Financial Times (HT: Danny Sokol) highlights the problem of multi-jurisdictional antitrust enforcement, emphasizing the rise of India and China. The article repeats the basic point, worth repeating, that international cooperation can help avoid bad outcomes with multiple regulatory stakeholders with different incentives and institutional environments:
That is not a criticism of the new competition rules in either country – both are modernising laws on which the legal profession has been consulted. If enforced both promptly and evenhandedly, strong antitrust laws will mark a step towards competitive capitalism, rather than crony capitalism, in both countries. Local consumers will benefit.
On international deals, however, China and India (and the US and European Commission) should leave mergers to the one jurisdiction best placed to handle them. If a merged company would have $200m sales and a 5 per cent market share in India, but $10bn sales and a 30 per cent share in the US, it is obvious who should take the lead. A forum to co-ordinate regulators – the International Competition Network – already exists. China should join it.

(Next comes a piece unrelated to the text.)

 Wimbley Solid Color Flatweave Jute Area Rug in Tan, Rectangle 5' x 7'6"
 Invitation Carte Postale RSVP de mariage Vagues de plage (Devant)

I’m pleased to see the FT calling attention to this issue. Its an important one. Perhaps one the most important on the antitrust enforcement policy landscape. Joining the ICN and the international antitrust community more broadly is one way to generate cooperation and avoid bad outcomes. But count me a skeptic with respect to the proposition that assigning jurisdiction to the competition policy agency with the greatest dollar value interest in the activity at issue will solve the problem. The problem of mitigating the costs of multiple international competition agencies is a complex one with a lot of moving parts (Chairman Kovacic’s recent speech is a must-read on these issues).

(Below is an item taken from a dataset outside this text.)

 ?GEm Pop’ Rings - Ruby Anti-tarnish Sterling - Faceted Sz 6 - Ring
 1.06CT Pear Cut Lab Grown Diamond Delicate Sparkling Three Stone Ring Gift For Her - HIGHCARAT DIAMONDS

I’ve argued previously that the policy discussion ought not emphasize “convergence or divergence per se, but jurisdictional competition combined with facilitation of superior substantive analytical norms.” In other words, lets talk about getting optimal substantive standard adopted, say what we mean when we use code words like “convergence” (e.g. in the U.S. this appears to mean, movement to the standards adopted by our courts, and in particular, the Supreme Court), and respectfully but firmly and consistently hold competition agencies accountable for their decisions and enforcement philosophies. This means that there is a lot of work to be done by economists and lawyers in figuring out the competitive effects of various forms of conduct, both in theory and testing these theories with data, in order to come to some sort of agreement about the design of optimal standards with sensitivity to important institutional differences between countries.

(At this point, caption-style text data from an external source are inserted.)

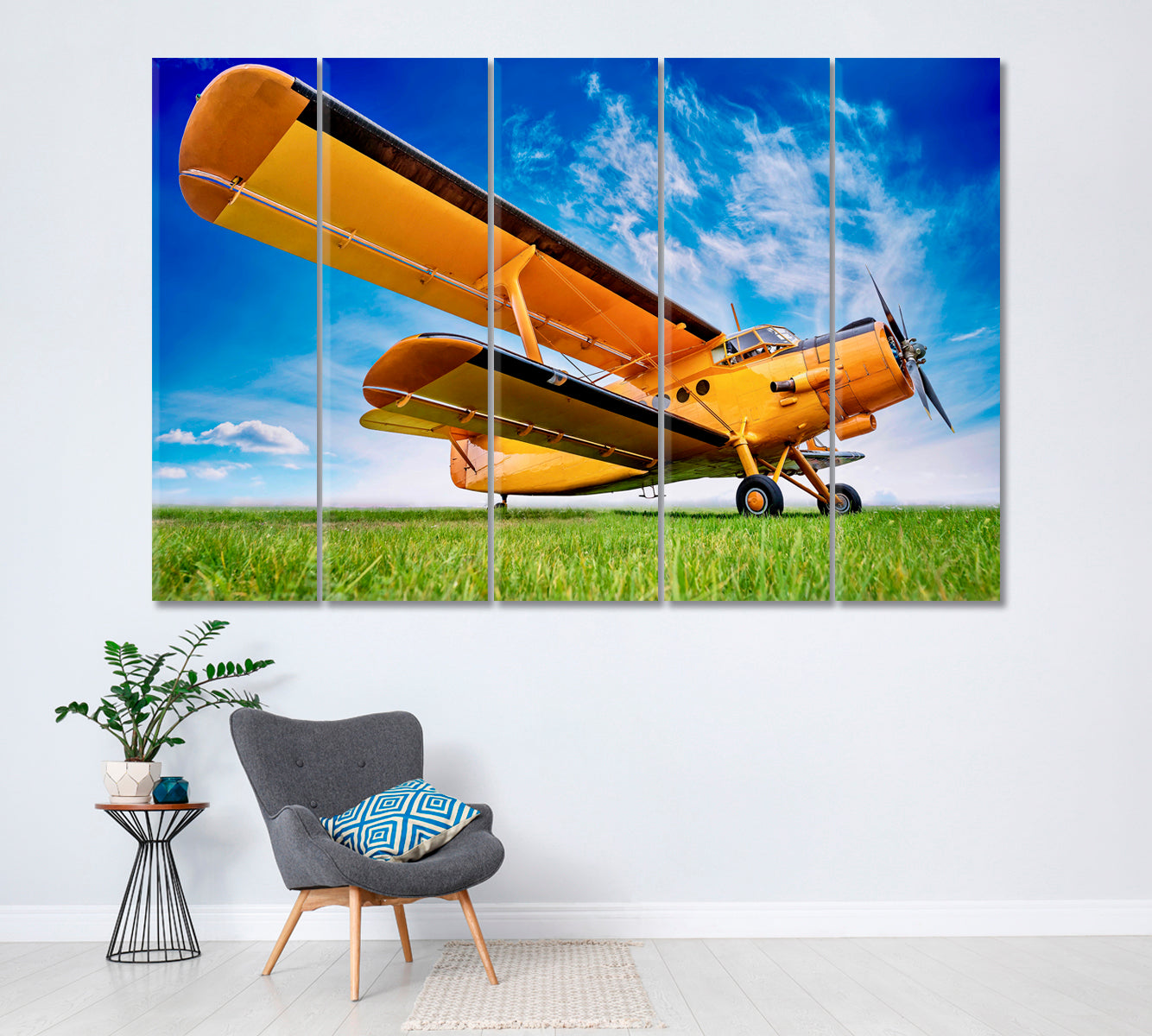 Old Yellow Biplane with Blue Sky Canvas Print ArtLexy 5 Panels 36"x24" inches 
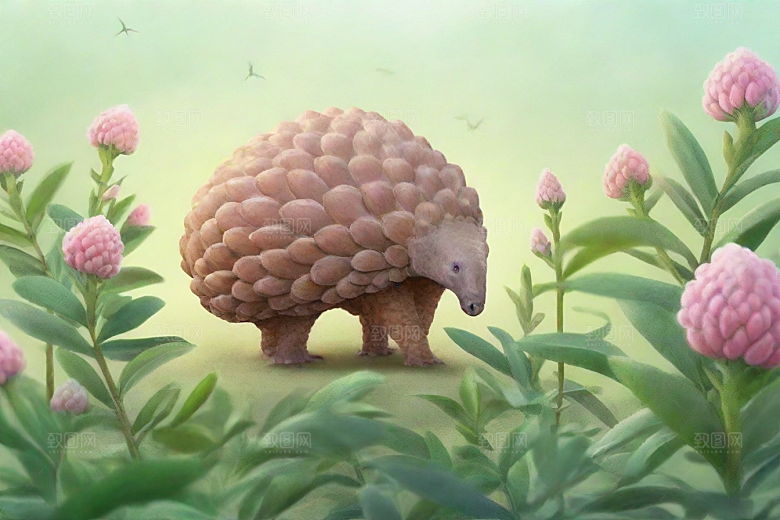 穿山甲植物插图图片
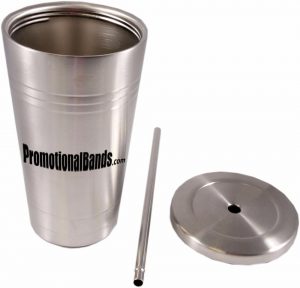 Stainless Steel 16oz Tumbler with Metal Straw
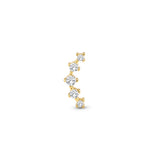 Piercing de cinco piedras de oro de 14k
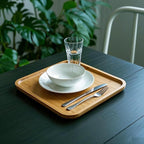 JOIKIT 3 Pack 12 Inch Bamboo Platter, Fine Polished Sqaure Wood Plates Bamboo Serving Tray for Holding Fruit, Bread, Cheese, Nut, Coffee, Tea, Plant Saucer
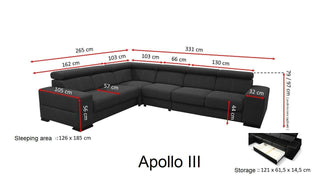 Apollo PR3 Corner Sofa Bed - Msofas LTD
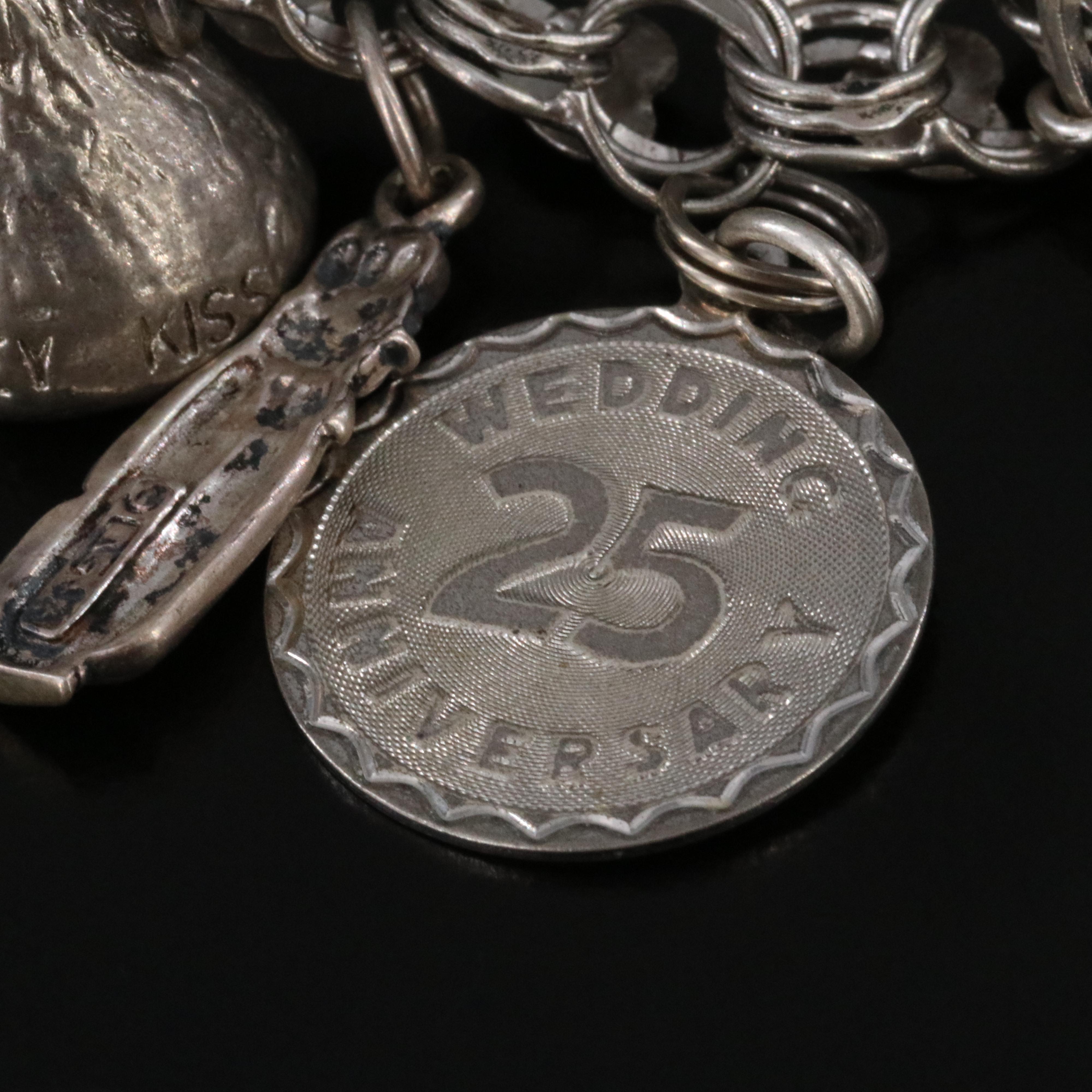 Vintage Sterling Bracelet with Charms Including Rhinestone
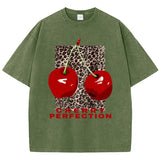 Dark Green Fabric and print texture detail of cherry leopard streetwear tee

To be sure, jurisdictions will disagree about the state of the evidence of strength of opposing theories. Differences in legal institutions and history will also drive divergence. The optimal level of divergence is not zero. But the substantial current level of divergence, in my view, could be reduced to the benefit of consumers with international agreement on a few important and (to my mind at least) not-so-controversial principles, e.g. the adoption of the error-cost framework as an appropriate lens through which to evaluate optimal antitrust rules. The ICN and the international antitrust community can and do make substantial efforts to instigate this type of discussion and so must be, along with other institutions which facilitate cooperation, part of the solution. But my sense is that the current debates focus too little on the actual state of economic theory and evidence and too much on everything else.